The project, which is expected to take about two years to complete, is being paid for with state and federal funds, including $45.4 million in stimulus funding and $26.2 million in matching state dollars. Network operator Axia NGNetworks USA plans to invest $35 to $45 million in the operation and expansion of the project.
Faster Internet access has been a theme throughout Patrick's tenure as governor.
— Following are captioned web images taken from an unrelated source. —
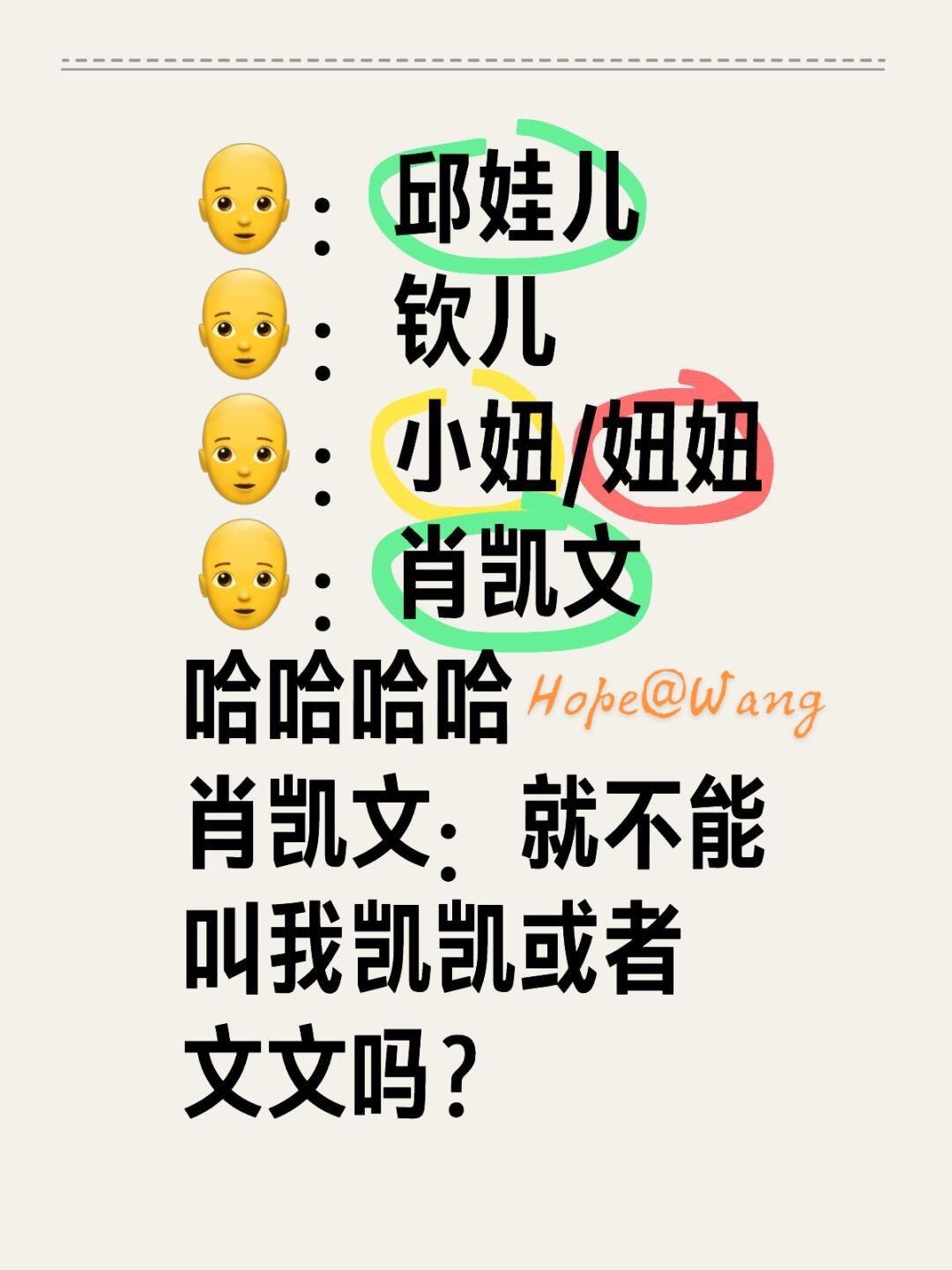 🧑‍🦲：邱娃儿 🧑‍🦲：钦儿 🧑‍🦲：小妞/妞妞 🧑‍?...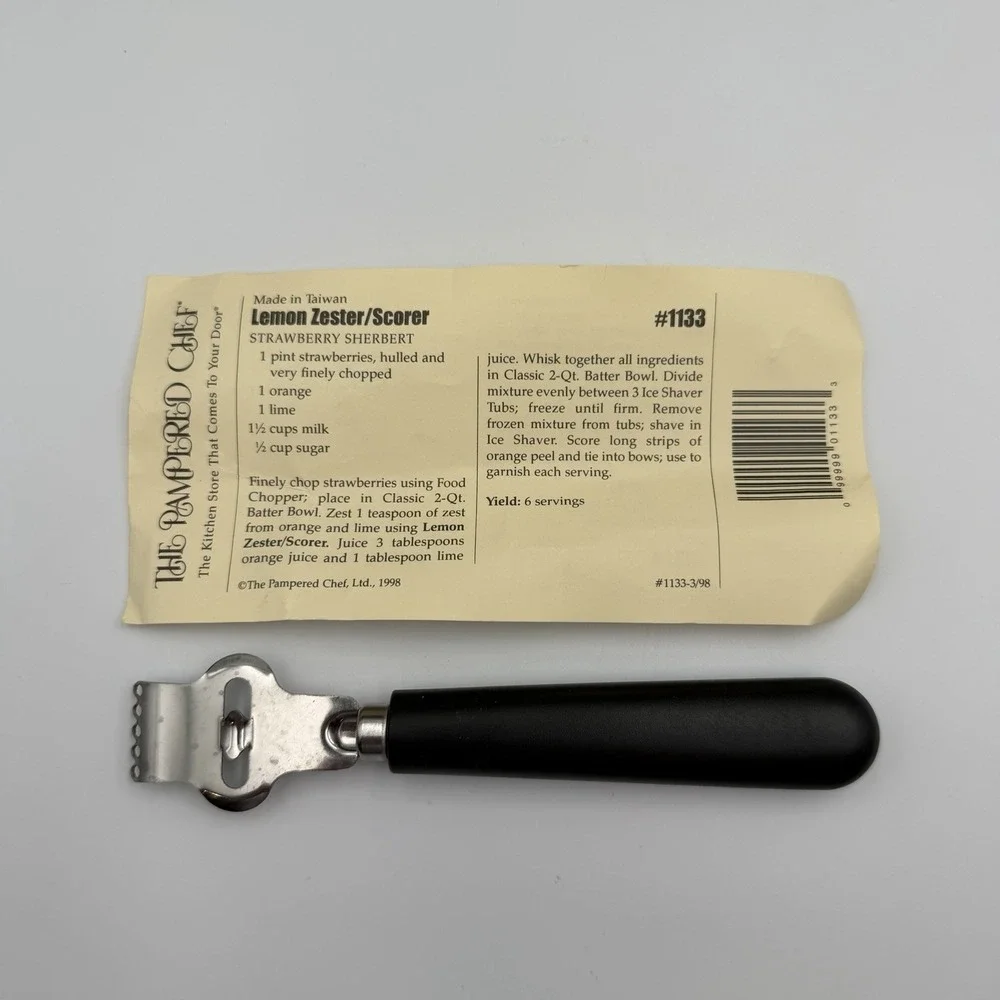 Pampered Chef lemon zester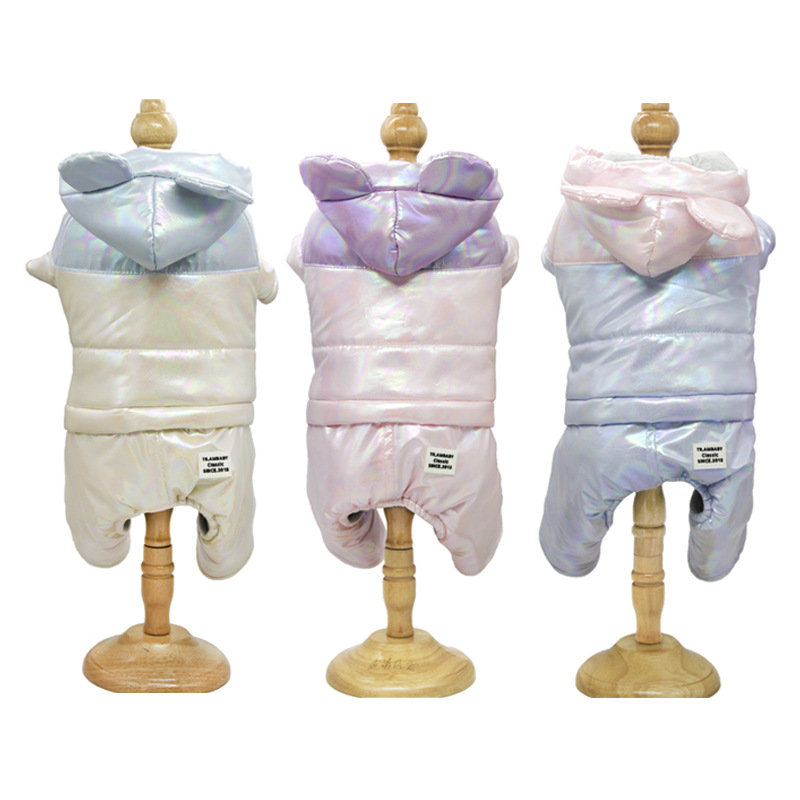 Waterproof Colorful Winter Pet Hoodie Dog Clothes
In a capital spending plan from 2007, his first year in office, Patrick asked for $25 million to bring broadband to 31 western Massachusetts communities.
Patrick also pushed for the creation of the Massachusetts Broadband Institute to help provide state capital funding for broadband-related infrastructure projects.
To expand high-speed Internet access in the region, the state will attach fiber-optic cable to 35,000 existing utility poles in the project's service area.
That effort is expected to provide work for hundreds of people. The fiber-optic network will ultimately serve about 333,500 households and 44,000 businesses in an area with more than one million residents.
Officials are also hoping the network will lure private investment and jobs, while also helping local governments deliver services more efficiently.
"In this day and age, no community in our commonwealth should be without high-speed Internet access," said House Speaker Robert DeLeo, D-Winthrop.
State Sen. Michael Knapik, a Westfield Republican who represents some of the communities that will benefit from the project, said it could also create new business opportunities for smaller and medium-sized industries in the area.
"The small towns of western Massachusetts offer a special quality of life and this investment in high-speed broadband will help our communities to connect with the new economic reality," Knapik said.
The Massachusetts Broadband Institute has signed an agreement with Omaha, Neb.-based G4S Technology LLC to help design and build the MassBroadband 123 network.
Under the agreement, G4S will complete the final design, engineering and construction of the fiber-optic Internet backbone.
Massachusetts Technology Collaborative, a public economic development agency chartered by the Commonwealth to spur innovation, will own the project.
The collaborative will work with G4S to oversee the final design and construction of the network, which is expected to be completed by June 2013.
G4S has already deployed 55 miles of fiber-optic cable along Interstate 91 in Massachusetts from the Vermont to the Connecticut borders through a partnership between Massachusetts Broadband Institute and the Massachusetts Department of Transportation.